> _Task_
Reproduce nothing but the lines from the start of the material through the line that includes "Pore Cleaning Device", both ends included, and omit every picture.

> _Dataset records_
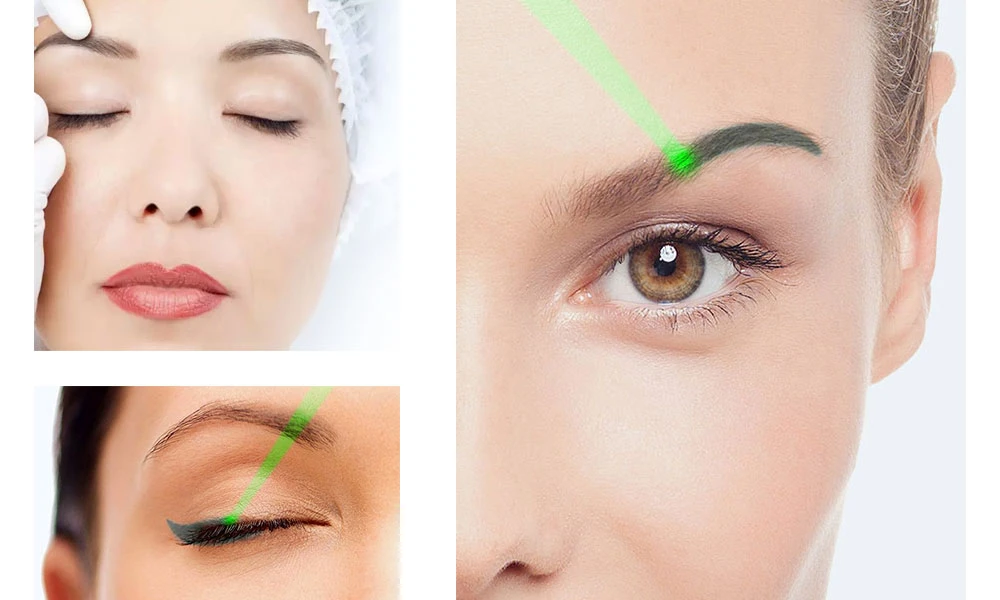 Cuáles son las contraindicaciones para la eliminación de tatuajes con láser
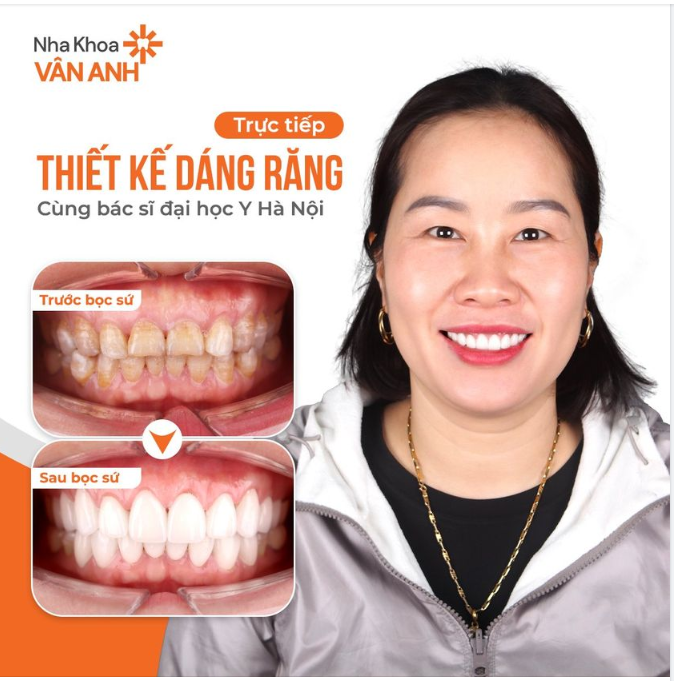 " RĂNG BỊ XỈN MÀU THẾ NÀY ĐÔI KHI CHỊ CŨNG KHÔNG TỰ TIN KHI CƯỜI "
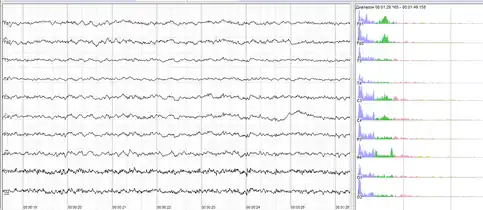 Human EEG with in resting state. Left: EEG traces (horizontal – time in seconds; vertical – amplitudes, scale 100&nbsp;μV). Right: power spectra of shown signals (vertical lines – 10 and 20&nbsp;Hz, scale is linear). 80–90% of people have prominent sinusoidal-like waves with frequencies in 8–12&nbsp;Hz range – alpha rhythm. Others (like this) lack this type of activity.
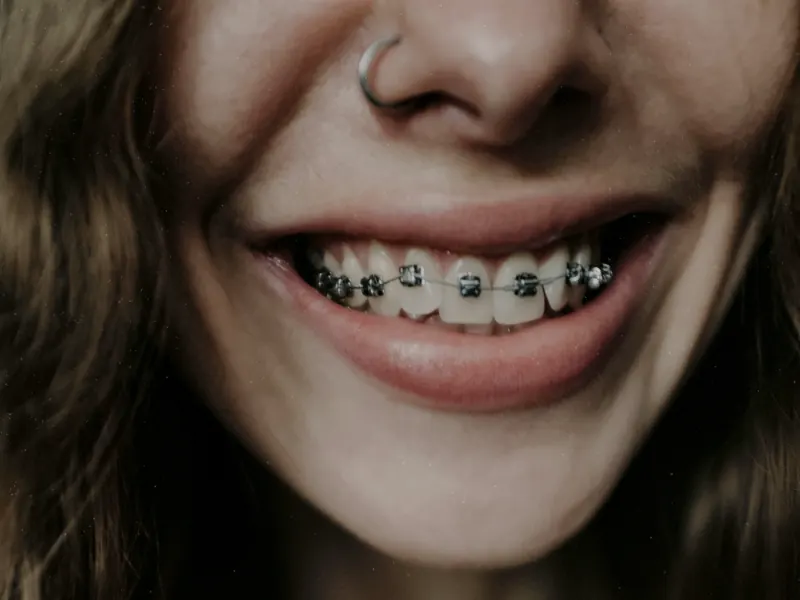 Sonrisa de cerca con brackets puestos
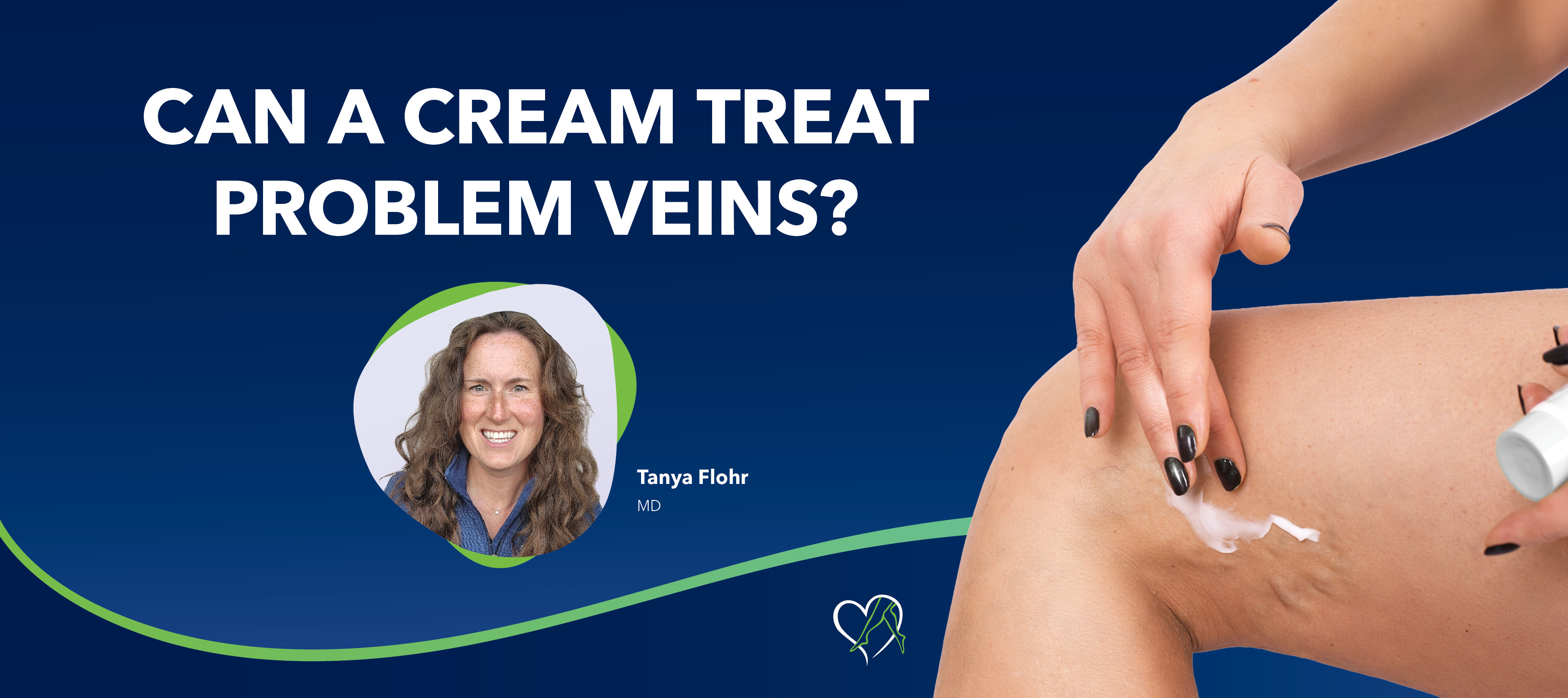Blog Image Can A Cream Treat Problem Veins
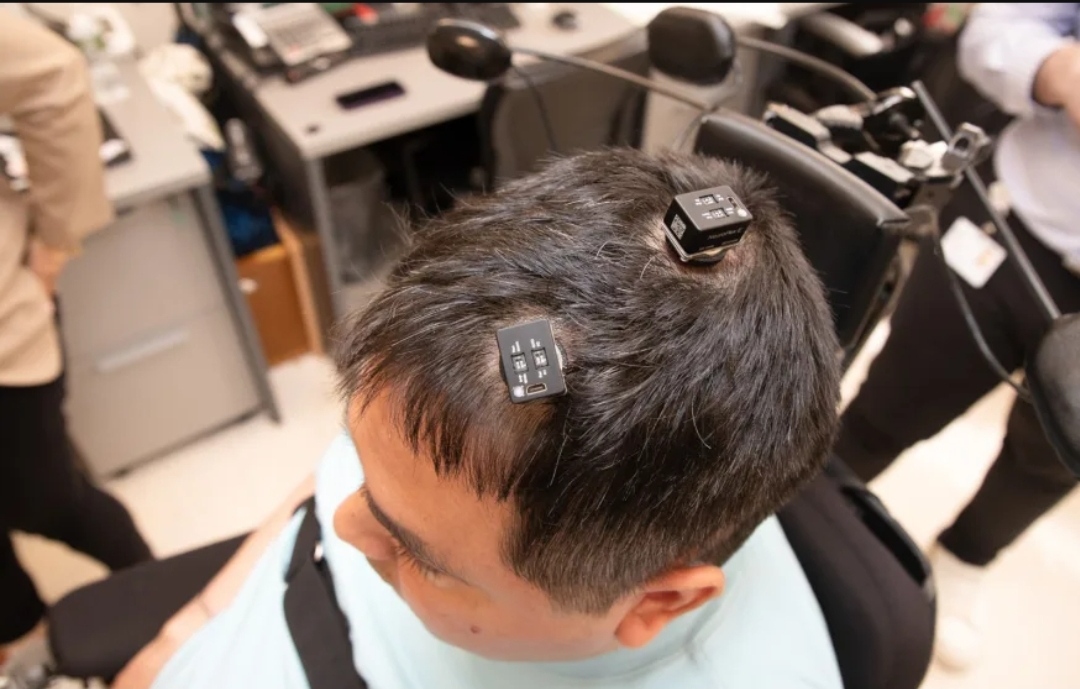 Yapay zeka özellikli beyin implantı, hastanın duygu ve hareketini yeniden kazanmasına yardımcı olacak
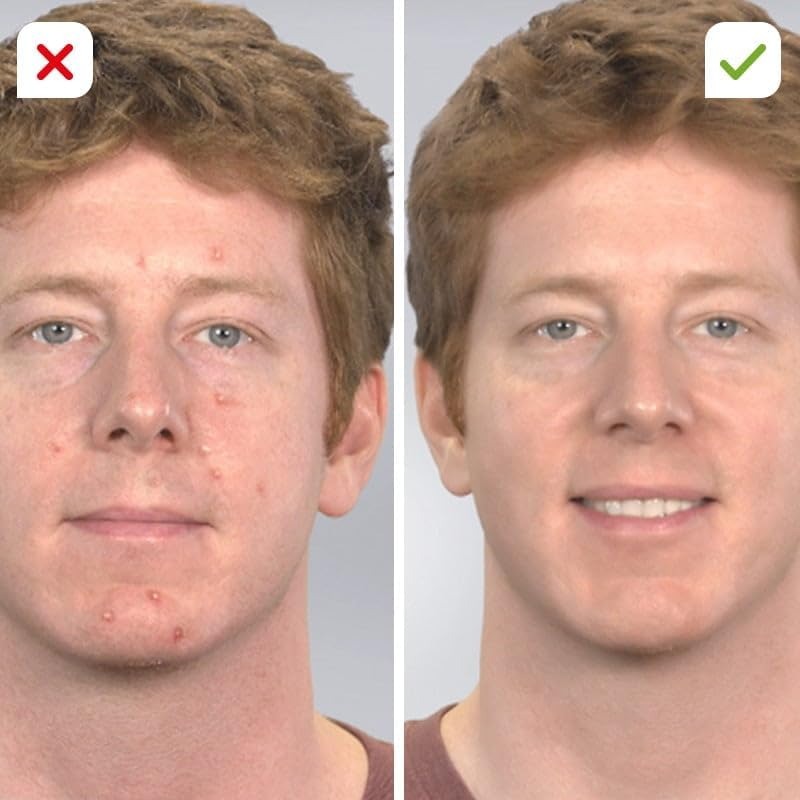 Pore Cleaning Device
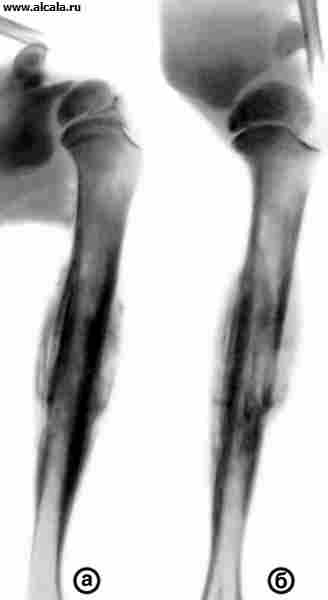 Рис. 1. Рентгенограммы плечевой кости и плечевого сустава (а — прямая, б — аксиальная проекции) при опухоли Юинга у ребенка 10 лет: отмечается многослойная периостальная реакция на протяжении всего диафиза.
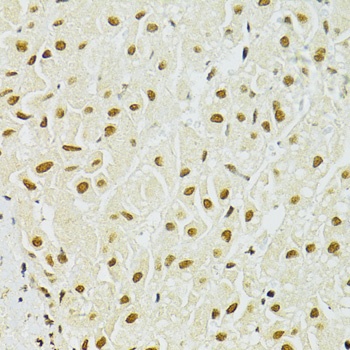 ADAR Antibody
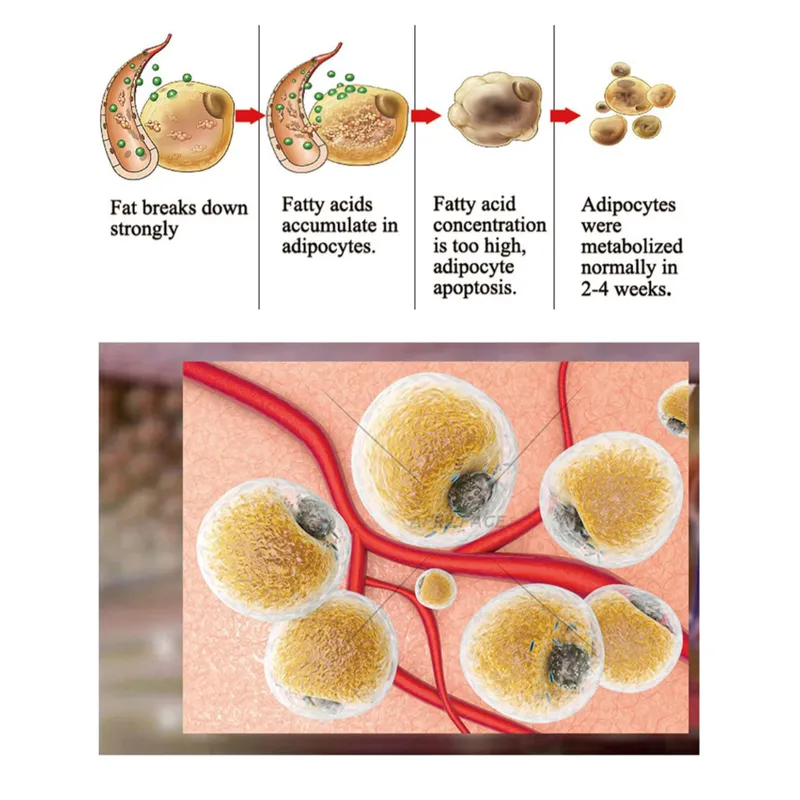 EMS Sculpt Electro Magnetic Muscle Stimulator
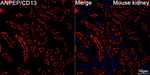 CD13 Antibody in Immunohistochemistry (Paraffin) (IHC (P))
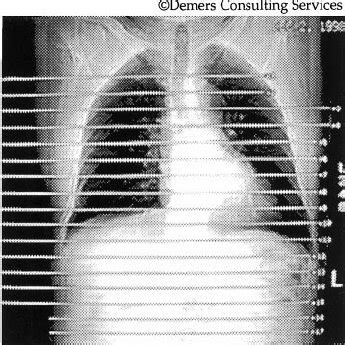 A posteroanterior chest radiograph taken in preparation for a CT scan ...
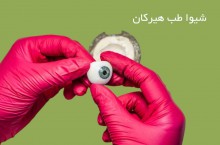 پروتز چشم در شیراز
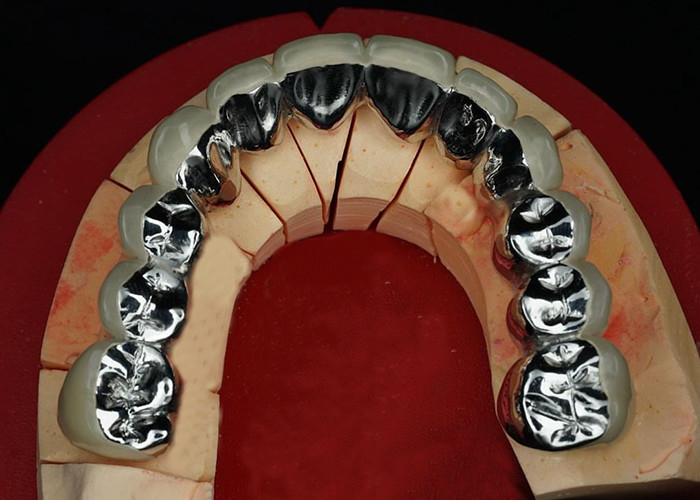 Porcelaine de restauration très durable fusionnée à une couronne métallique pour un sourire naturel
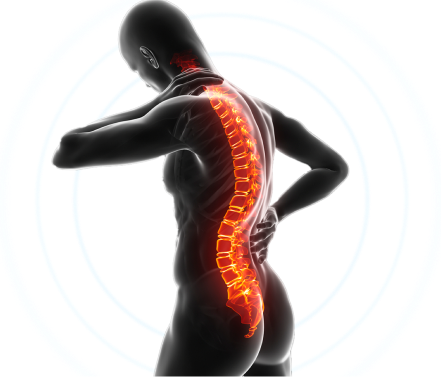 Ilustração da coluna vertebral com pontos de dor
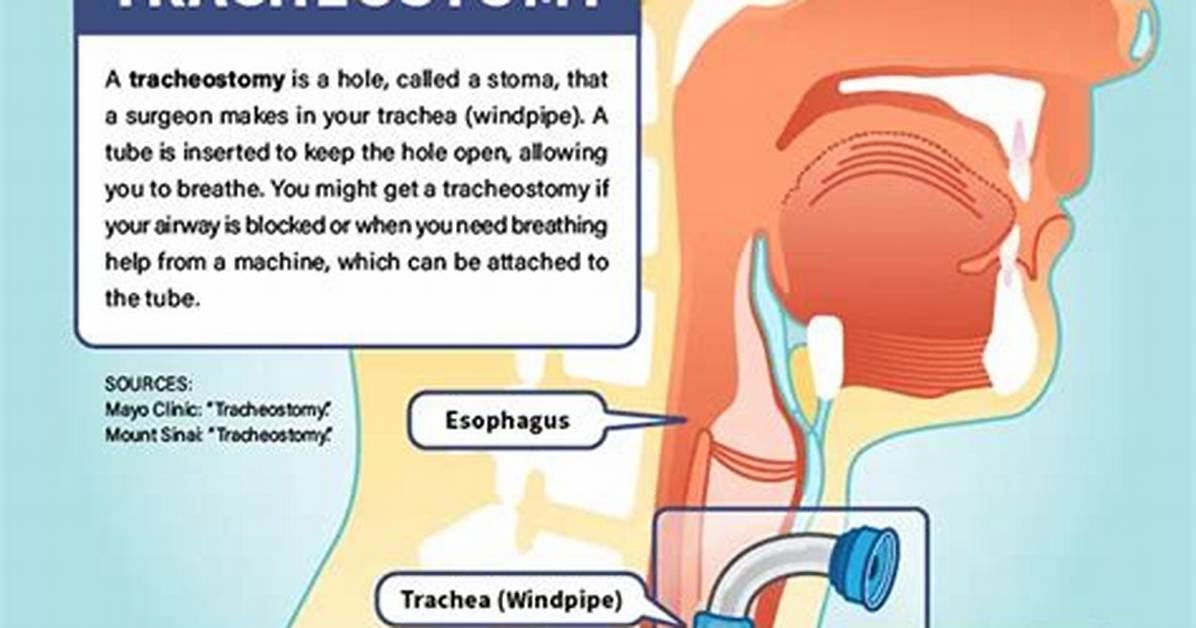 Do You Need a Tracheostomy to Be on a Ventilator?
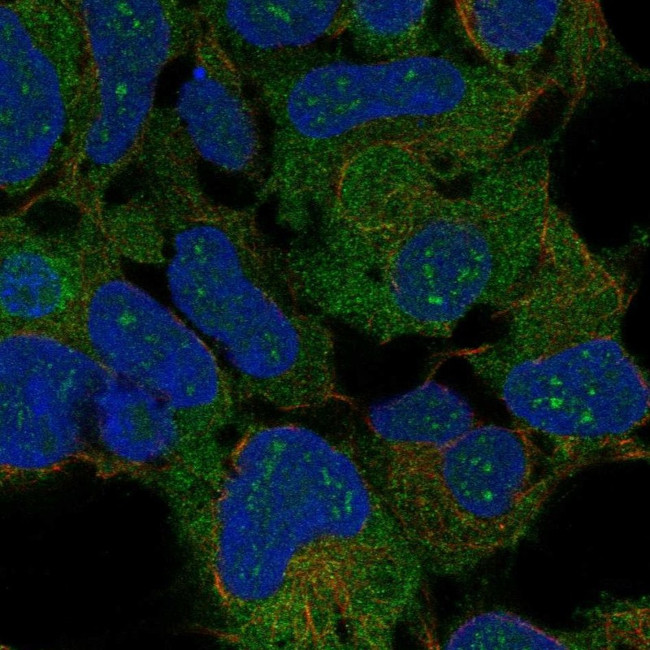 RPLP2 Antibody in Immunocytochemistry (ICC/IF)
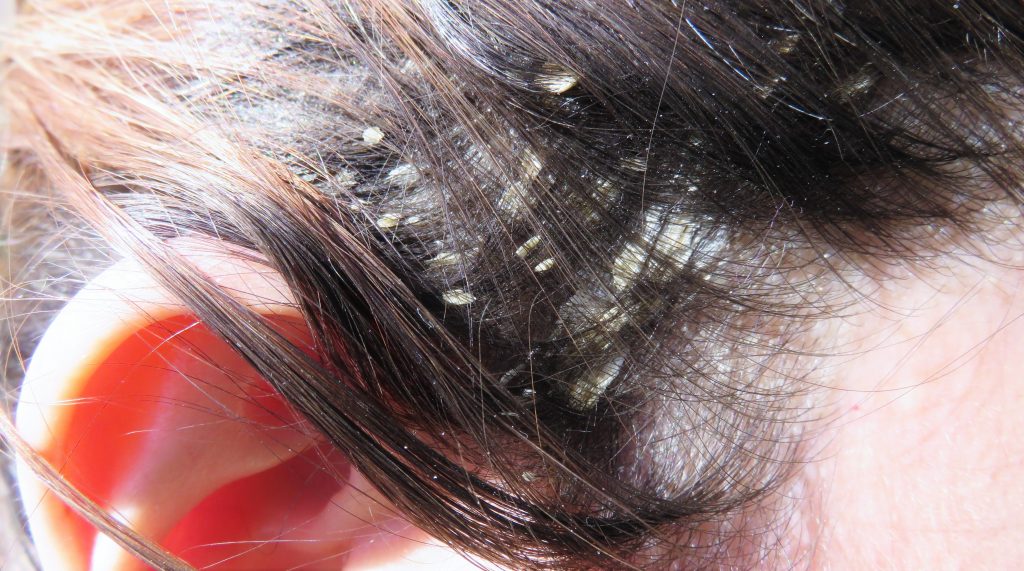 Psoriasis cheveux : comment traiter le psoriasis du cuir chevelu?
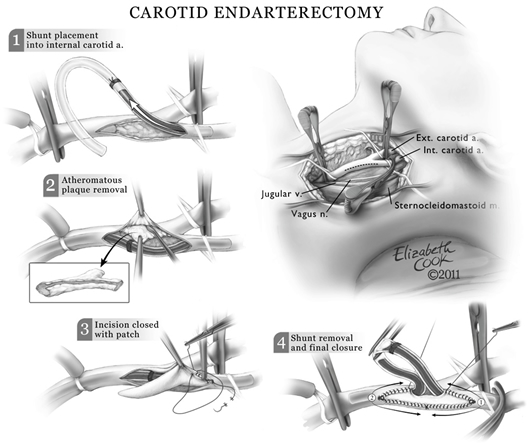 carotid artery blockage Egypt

> _Worked solution_
 Cuáles son las contraindicaciones para la eliminación de tatuajes con láser
 " RĂNG BỊ XỈN MÀU THẾ NÀY ĐÔI KHI CHỊ CŨNG KHÔNG TỰ TIN KHI CƯỜI "
 Human EEG with in resting state. Left: EEG traces (horizontal – time in seconds; vertical – amplitudes, scale 100&nbsp;μV). Right: power spectra of shown signals (vertical lines – 10 and 20&nbsp;Hz, scale is linear). 80–90% of people have prominent sinusoidal-like waves with frequencies in 8–12&nbsp;Hz range – alpha rhythm. Others (like this) lack this type of activity.
 Sonrisa de cerca con brackets puestos
Blog Image Can A Cream Treat Problem Veins
 Yapay zeka özellikli beyin implantı, hastanın duygu ve hareketini yeniden kazanmasına yardımcı olacak
 Pore Cleaning Device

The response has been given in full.